La cabina, llamando a la historia

Uno se da cuenta de que se hace mayor cuando objetos de su cotidianidad necesitan ser explicados a la descendencia. Intenten hacerle entender a los niños de menos de 10 años cómo funcionaba una máquina de escribir, un radiocasete o una cabina telefónica. Ellos, que han nacido con un móvil en sus manos, ojipláticos se quedan al saber que antes, si querías llamar, tenías que utilizar esos pequeños habitáculos.

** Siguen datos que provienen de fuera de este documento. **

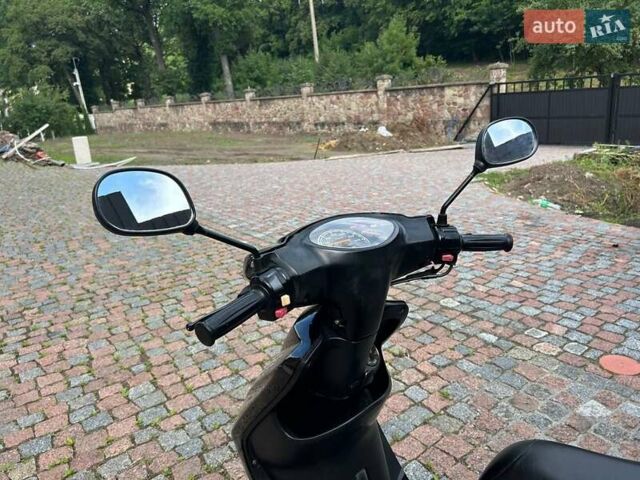 Ямаха Джог 2023 в Тернополе на Automoto.ua Ямаха Джог, объемом двигателя 0.49 л и пробегом 21 тыс. км за 502 $, фото 3 на Automoto.ua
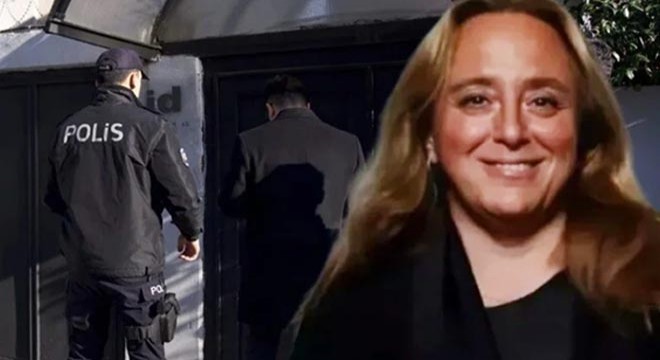 Ayşe Barım soruşturması Kuruluş Osman'a uzandı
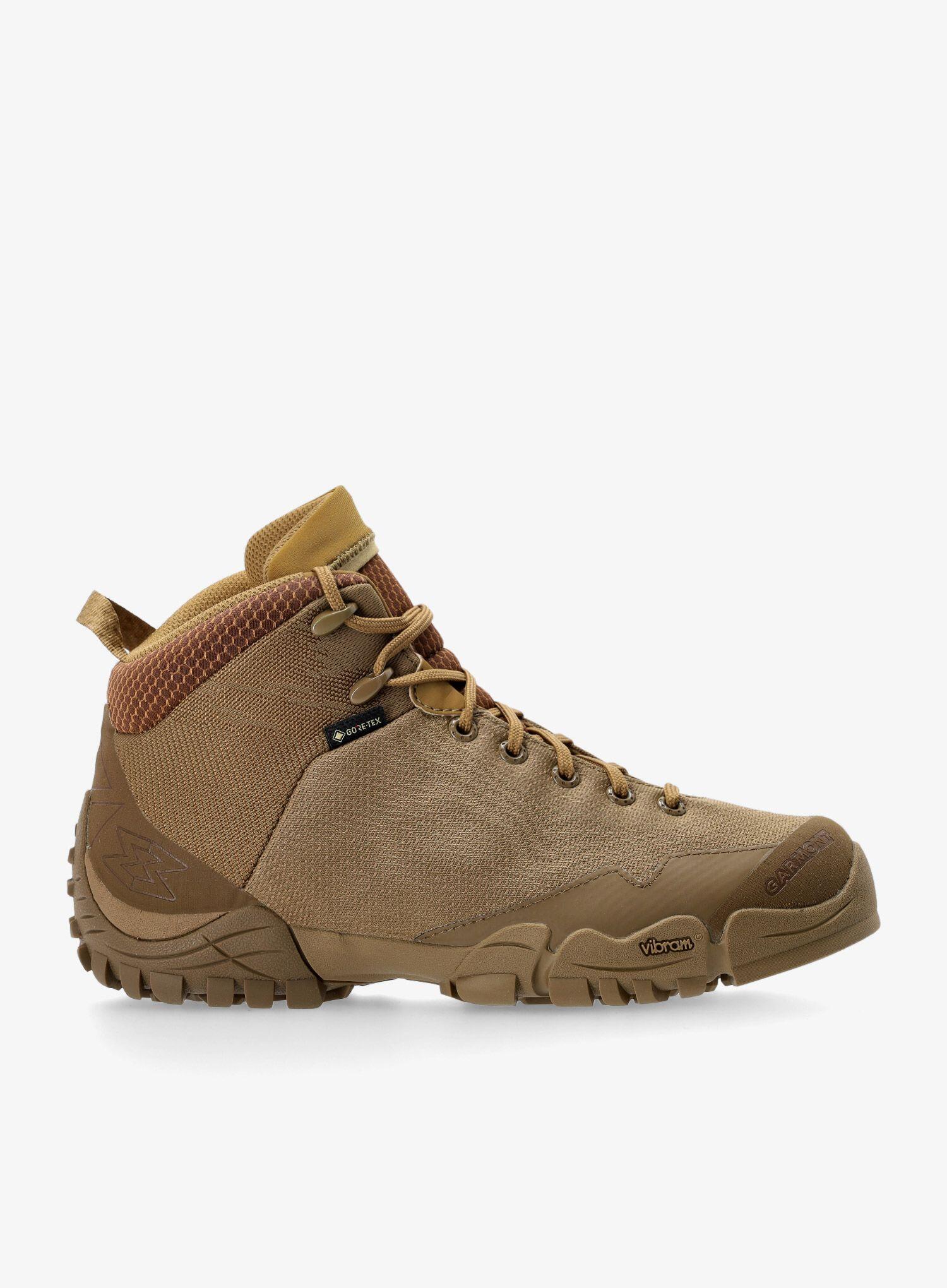 Buty outdoor Garmont Nemesis 4.2 GTX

Estos días la cabina es noticia porque en Madrid la han convertido en monumento. En la plaza Conde del Valle de Súchil del barrio de Chamberí han colocado una réplica del modelo que había en las calles hace medio siglo para homenajear al cineasta Antonio Mercero, creador de La Cabina, una angustiosa película protagonizada por José Luis López Vázquez. La historia era tan buena que fue la primera cinta española en conseguir un premio Emi, en una época en la que la producción audiovisual estaba a años luz de la actual. Había tanta diferencia como la que existe entre un smartphone y un teléfono de monedas como el del filme.

Cabe decir que el teléfono empezó a desarrollarse mucho antes. En 1876, el estadounidense Alexander Graham Bell lo patentó (aunque en realidad fue inventado por el italiano Antonio Meucci, tal y como ya explicamos en este mismo espacio meses atrás). En Barcelona, las primeras pruebas se realizaron en 1877 en la Escuela Industrial y, poco a poco, fueron surgiendo iniciativas locales en todas partes. Cuando el Estado vio la trascendencia de esa tecnología, decretó que fuera monopolio estatal pero, dos años más tarde, al no disponer de recursos económicos ni tecnológicos, rectificó y permitió la explotación privada del servicio. Como es fácilmente comprensible, esto favoreció la expansión del teléfono en las grandes concentraciones urbanas porque era donde había mayor posibilidad de negocio para las empresas. En consecuencia, la población rural, que entonces era mucha, no podía beneficiarse del invento.

Por eso, cuando en 1914 se constituyó la Mancomunidad de las cuatro provincias de Catalunya, una de las máximas prioridades de sus dirigentes fue hacer llegar las líneas a los pueblos más pequeños. En la mayoría de localidades lo que se hacía era instalar un terminal en un punto del municipio, desde donde el vecindario podía comunicarse.

Los datos hablan por sí solos: si en 1914 solo había teléfono en 38 localidades catalanas, se llegó a las 410 en 1923, cuando la dictadura de Primo de Rivera intervino el gobierno catalán para terminar disolviéndolo. A partir de entonces, la gestión quedó controlada por Madrid a través de la Compañía Telefónica Nacional de España, una entidad que todo el mundo llamaría simplemente la Telefónica.

Fue durante esa época que se puso la primera cabina. Para ser exactos debería llamarse cajón. En 1928, donde ahora se encuentra la sala de fiestas Florida Park del Retiro, había un balneario frecuentado por la flor y nata madrileña. Para dotar el local con los últimos avances, se quiso instalar un teléfono público, que funcionaba previo pago. El aparato estaba protegido por una especie de caja de madera, que se abría cuando debía utilizarse.

Aún faltaban muchos años para que llegaran las cabina que, los que ya tenemos una edad, conocimos. La primera se puso en 1963 y, con cuentagotas, fueron llegando a toda la geografía. A finales de los 60 esos teléfonos públicos protegidos por una marquesina roja eran muy populares. Todo un signo de modernidad para un país que hacía poco que había descubierto la televisión y asistido a los primeros conciertos de los Beatles.

No es extraño pues que, de la misma forma que en pleno siglo XXI un cineasta puede urdir tramas narrativas donde el eje central sean tecnologías muy avanzadas para nosotros, como por ejemplo la realidad virtual pongamos por caso; en 1972 el director Antonio Mercero escogiera la cabina para el argumento de una historia donde el protagonista quedaba atrapado. El impacto de la película fue tal que seguro que, en alguna ocasión, todos los que utilizamos esos teléfonos de monedas temimos convertirnos en José Luis López Vázquez.